(MATERIAL FOR THE TASK Opens)

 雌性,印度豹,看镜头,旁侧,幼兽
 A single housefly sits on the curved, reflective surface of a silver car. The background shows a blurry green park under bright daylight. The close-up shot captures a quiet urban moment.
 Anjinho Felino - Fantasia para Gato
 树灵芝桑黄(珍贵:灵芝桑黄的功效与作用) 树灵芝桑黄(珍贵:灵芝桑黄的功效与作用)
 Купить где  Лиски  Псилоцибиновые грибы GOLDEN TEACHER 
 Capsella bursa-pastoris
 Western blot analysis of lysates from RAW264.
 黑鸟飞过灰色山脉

(MATERIAL FOR THE TASK Closes)
(MATERIAL FOR THE TASK Opens)

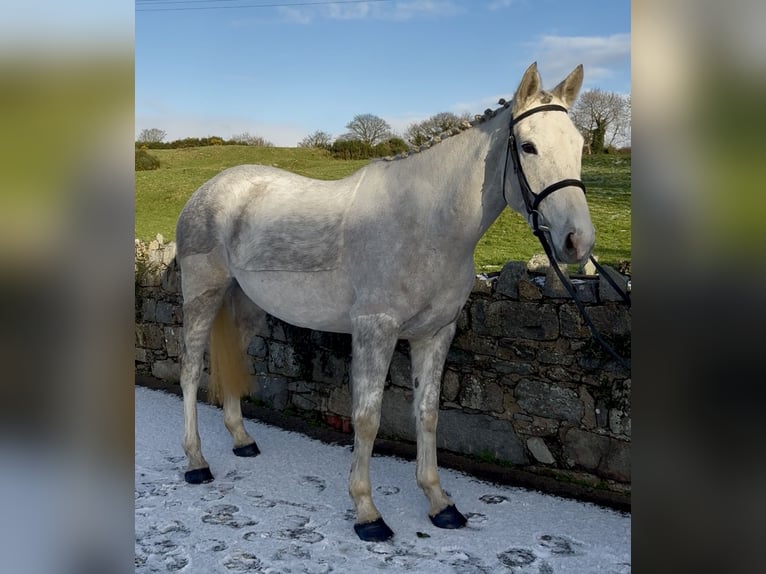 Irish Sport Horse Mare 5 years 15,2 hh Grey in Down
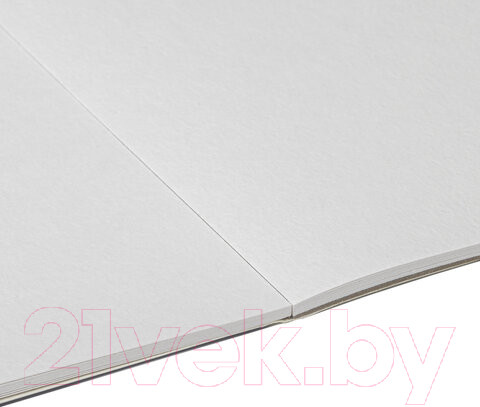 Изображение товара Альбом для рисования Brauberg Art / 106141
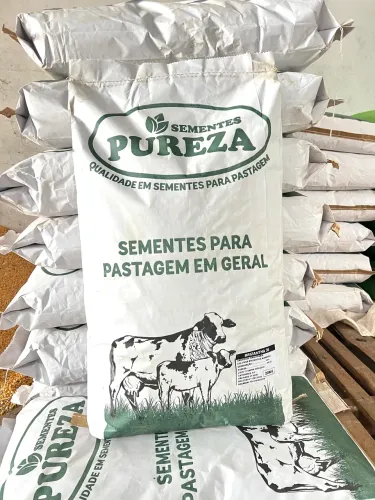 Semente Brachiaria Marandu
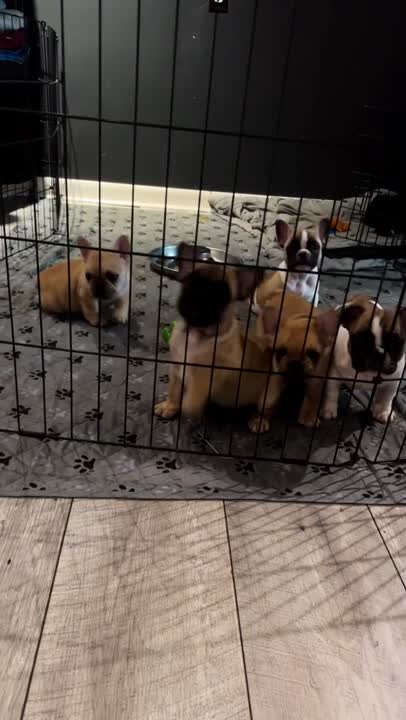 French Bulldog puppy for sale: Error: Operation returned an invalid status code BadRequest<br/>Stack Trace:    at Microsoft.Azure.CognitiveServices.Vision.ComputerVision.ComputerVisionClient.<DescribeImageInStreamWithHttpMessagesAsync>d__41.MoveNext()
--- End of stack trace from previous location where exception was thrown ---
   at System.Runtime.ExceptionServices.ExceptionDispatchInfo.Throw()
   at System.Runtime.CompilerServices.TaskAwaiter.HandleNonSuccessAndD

(MATERIAL FOR THE TASK Closes)

--- EXERCISE DETAILS ---
Give solely the number of lines in the data that contain the string "Runtime".

--- THE ANSWER ---
2